(Recorded data)
=== Section Start ===

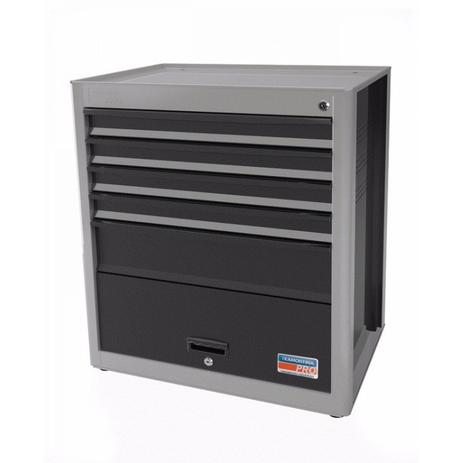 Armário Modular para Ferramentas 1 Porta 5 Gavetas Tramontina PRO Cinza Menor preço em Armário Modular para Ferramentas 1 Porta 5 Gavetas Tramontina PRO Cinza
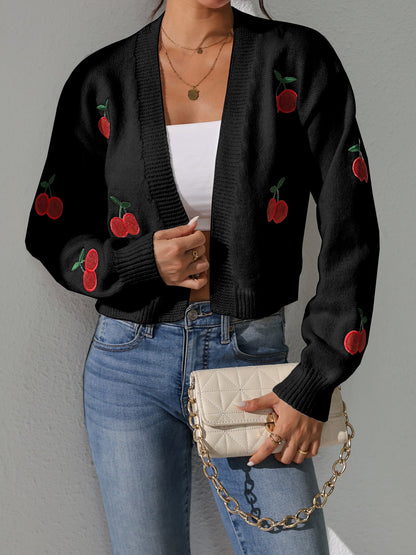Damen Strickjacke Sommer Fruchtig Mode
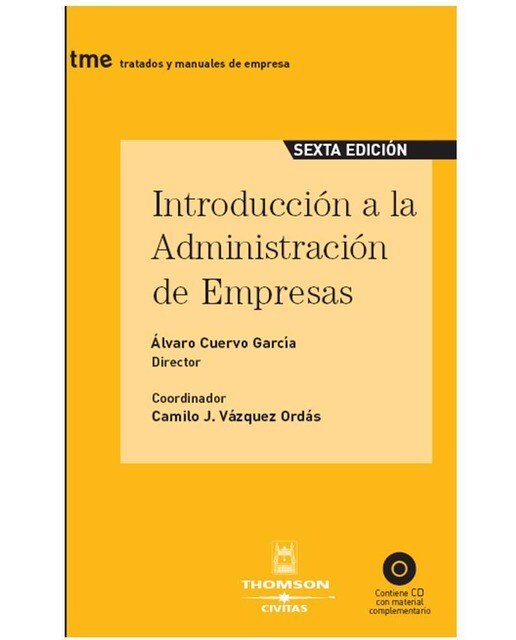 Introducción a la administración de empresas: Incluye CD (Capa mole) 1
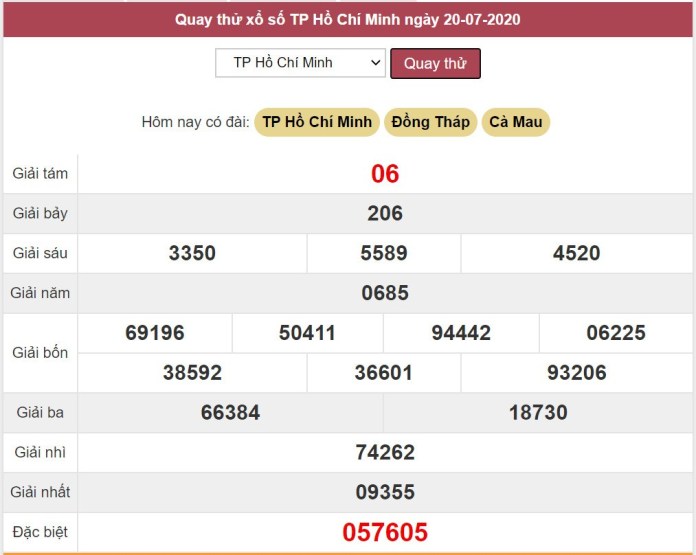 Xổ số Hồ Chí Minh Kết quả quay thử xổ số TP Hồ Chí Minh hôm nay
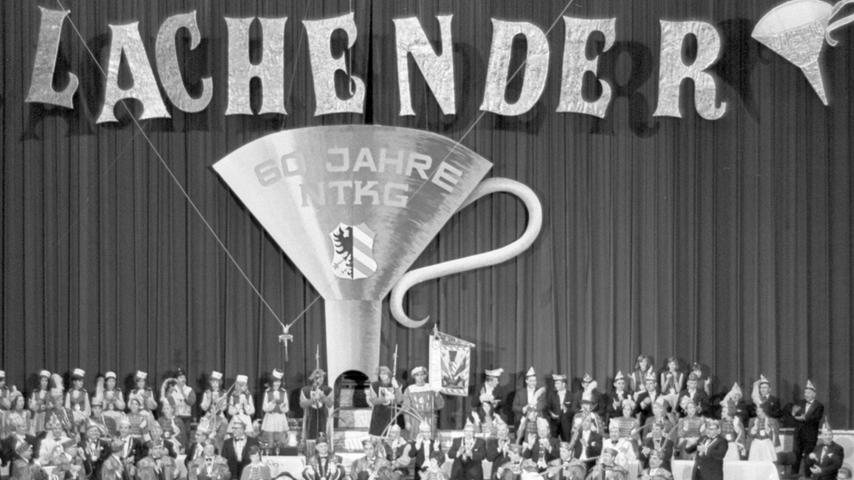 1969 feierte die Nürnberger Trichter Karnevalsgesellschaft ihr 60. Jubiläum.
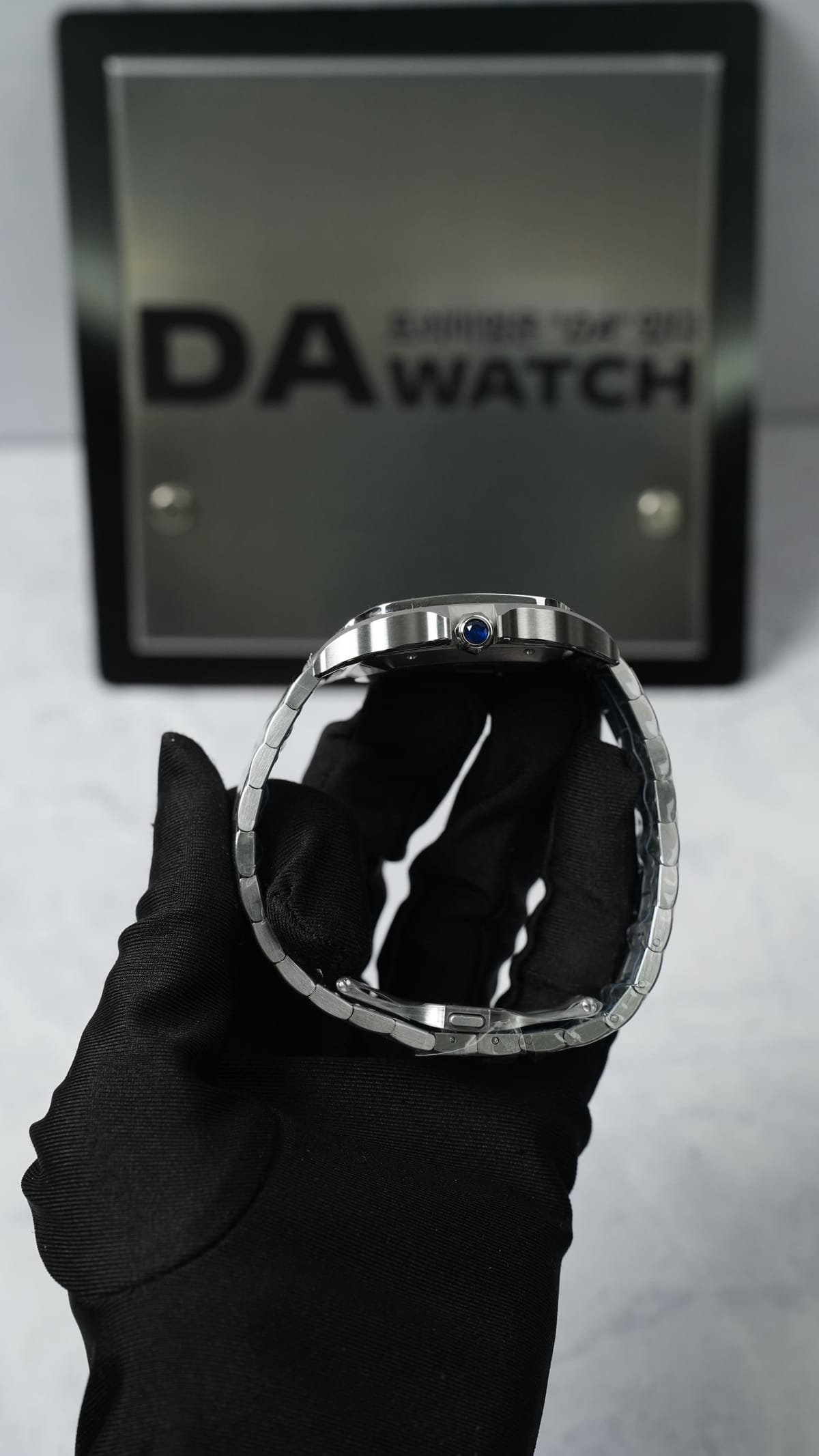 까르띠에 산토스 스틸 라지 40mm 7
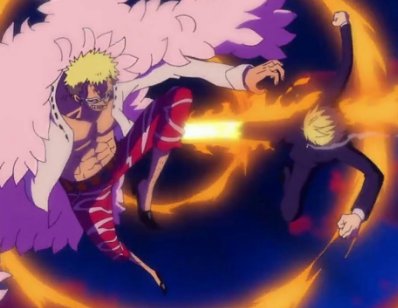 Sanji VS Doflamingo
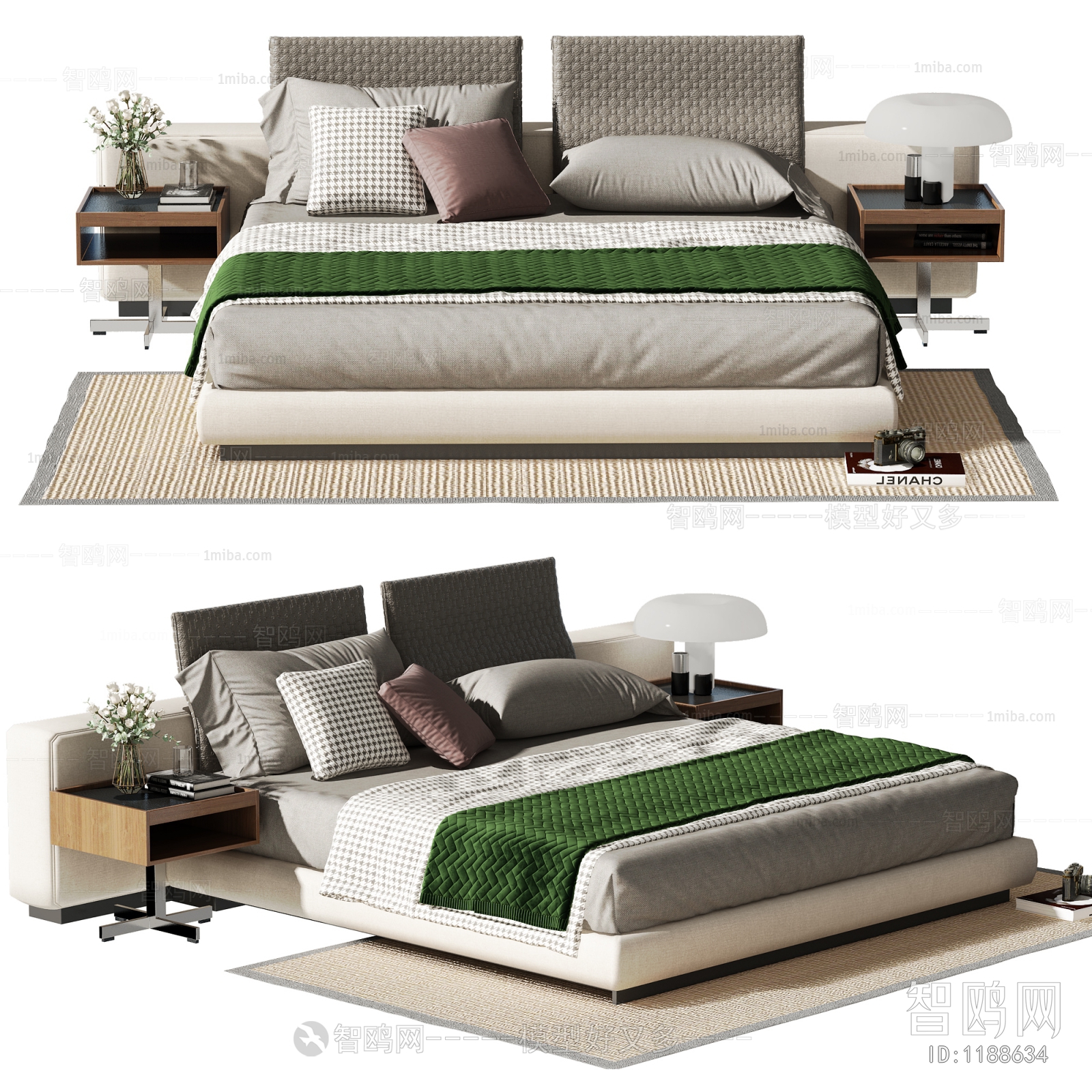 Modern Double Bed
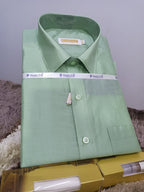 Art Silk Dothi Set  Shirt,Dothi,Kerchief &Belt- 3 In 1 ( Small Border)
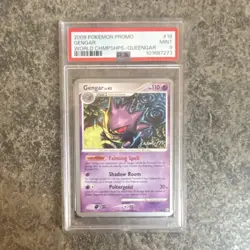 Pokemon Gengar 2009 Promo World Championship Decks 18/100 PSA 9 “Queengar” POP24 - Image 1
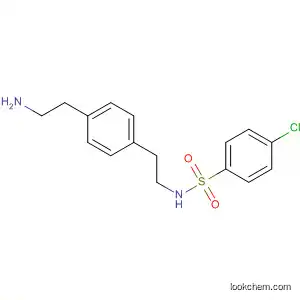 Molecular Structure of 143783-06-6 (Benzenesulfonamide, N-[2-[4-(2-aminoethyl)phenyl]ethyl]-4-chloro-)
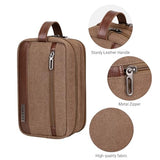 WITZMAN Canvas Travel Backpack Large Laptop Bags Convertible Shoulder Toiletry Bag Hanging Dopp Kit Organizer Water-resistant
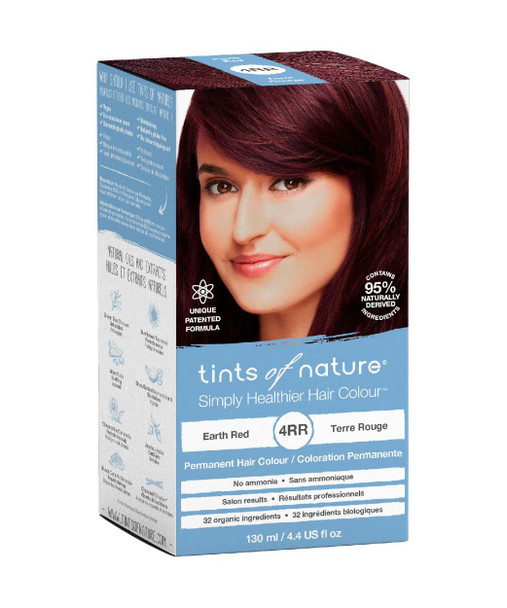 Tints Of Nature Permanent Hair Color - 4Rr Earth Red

=== Section End ===

What is needed is every entry above, repeated exactly, with the pictures dropped.

• Result of this task:
 Armário Modular para Ferramentas 1 Porta 5 Gavetas Tramontina PRO Cinza Menor preço em Armário Modular para Ferramentas 1 Porta 5 Gavetas Tramontina PRO Cinza
Damen Strickjacke Sommer Fruchtig Mode
 Introducción a la administración de empresas: Incluye CD (Capa mole) 1
 Xổ số Hồ Chí Minh Kết quả quay thử xổ số TP Hồ Chí Minh hôm nay
 1969 feierte die Nürnberger Trichter Karnevalsgesellschaft ihr 60. Jubiläum.
 까르띠에 산토스 스틸 라지 40mm 7
 Sanji VS Doflamingo
 Modern Double Bed
 Art Silk Dothi Set  Shirt,Dothi,Kerchief &Belt- 3 In 1 ( Small Border)
 Pokemon Gengar 2009 Promo World Championship Decks 18/100 PSA 9 “Queengar” POP24 - Image 1
 Molecular Structure of 143783-06-6 (Benzenesulfonamide, N-[2-[4-(2-aminoethyl)phenyl]ethyl]-4-chloro-)
 WITZMAN Canvas Travel Backpack Large Laptop Bags Convertible Shoulder Toiletry Bag Hanging Dopp Kit Organizer Water-resistant
 Tints Of Nature Permanent Hair Color - 4Rr Earth Red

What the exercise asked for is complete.